Keynote Address - Asia Foreign Policy Update Luncheon - Fidel Valdez Ramos

The Hon. Fidel Valdez Ramos, Former President, Republic of the Philippines

Sydney, Australia
September 3, 2003

Eight years ago, the Philippines acceded to the world trade organization ( WTO). By that landmark act, we embraced the trade-related aspects of globalization. today, with the benefit of hindsight, i ask myself -- knowing what i know now -- would i have taken the Philippines to join the WTO just the same? My answer is -- yes -- definitely yes -- but now we must think back and determine what are globalization's hidden and, possibly, damaging dimensions in order that the world community can more responsibly respond to them in order to win a better future.

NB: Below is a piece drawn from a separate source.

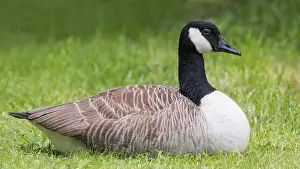 Uk Birds Prints: Canada Goose [ Branta canadensis ] resting on grass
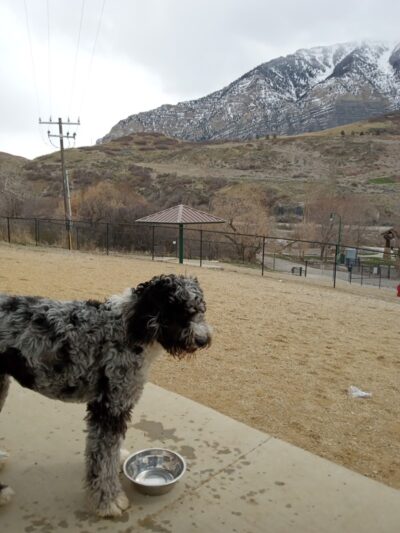 Orem Dog Park - Orem, UT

Politicians, economists, and security experts have dissected, debated and elaborated upon the nature, applications and effects of globalization. but regardless of their respective opinions and ideological inclinations, it appears that they agree on one thing: that in the context of the realities and relationships of the 21st century, globalization is extremely complex even as almost everyone accepted from the beginning the simple definition that globalization as being merely the elimination of barriers to free trade and the removal of restrictions to the movement of capital in order to promote deeper integration of national economies into the global system.

By that simpler definition, globalization could only pose benefits, not perils, for all. However, as practiced, globalization is far from being universally fair and beneficial. The key question, however, is: are these gains now enjoyed by a great number of suffering people in the world, or by only an elitist, uncaring minority?

Under a regime of increasingly open and liberal trade, the Philippines posted faster growth in terms of exports, averaging a 19.5% increase annually during the period 1994-1997 -- one of the fastest in our region despite the financial crisis of 1997-1998. Through its tariff reduction program, the country kept pace with the target to limit to zero to 5 percent tariffs for most of its tradable goods. Already, more than 85% of the country's total tariff lines are within this target range.

The Philippines adopted necessary safety nets for vulnerable sectors and measures to enhance its global competitiveness, increase and sustain agriculture productivity, improve infrastructure for speedy movement of goods and services, foster pollution management and sustainable development of natural resources, and accelerate science and technology efforts to support our programs towards globalization. All these, the Philippines did in the name of globalization and international competitiveness.

Poverty: the increasing gap

Although successive Philippine administrations, including mine, helped reduce poverty incidence from the high mark of 1985 at 41+% to 30% by 1998, the numbers today are still troubling. While the Philippine economy was considered the best performing in southeast Asia in 2002 -- except for Vietnam -- and the third best performing in all of east Asia, the country still has more than 5 million people out of work.

These figures notwithstanding, the Philippines' economic fundamentals remain sound, and the country enjoys predictable growth to ensure steady prices, low inflation, adequate liquidity, and funding for development initiatives. The Philippines is committed to good governance and to long-term structural reforms leading to continued strength in domestic demand, diversification of trade, and a hospitable environment for investment.

The poverty situation in the Philippines may be seen as a microcosm of what is happening among the developing and the least developed countries around the world. Statistics show that in the last 10 years of the 20th century, the actual number of people living in poverty increased by at least several hundred millions at the same time that total world income actually increased by an average of 2.5 percent annually.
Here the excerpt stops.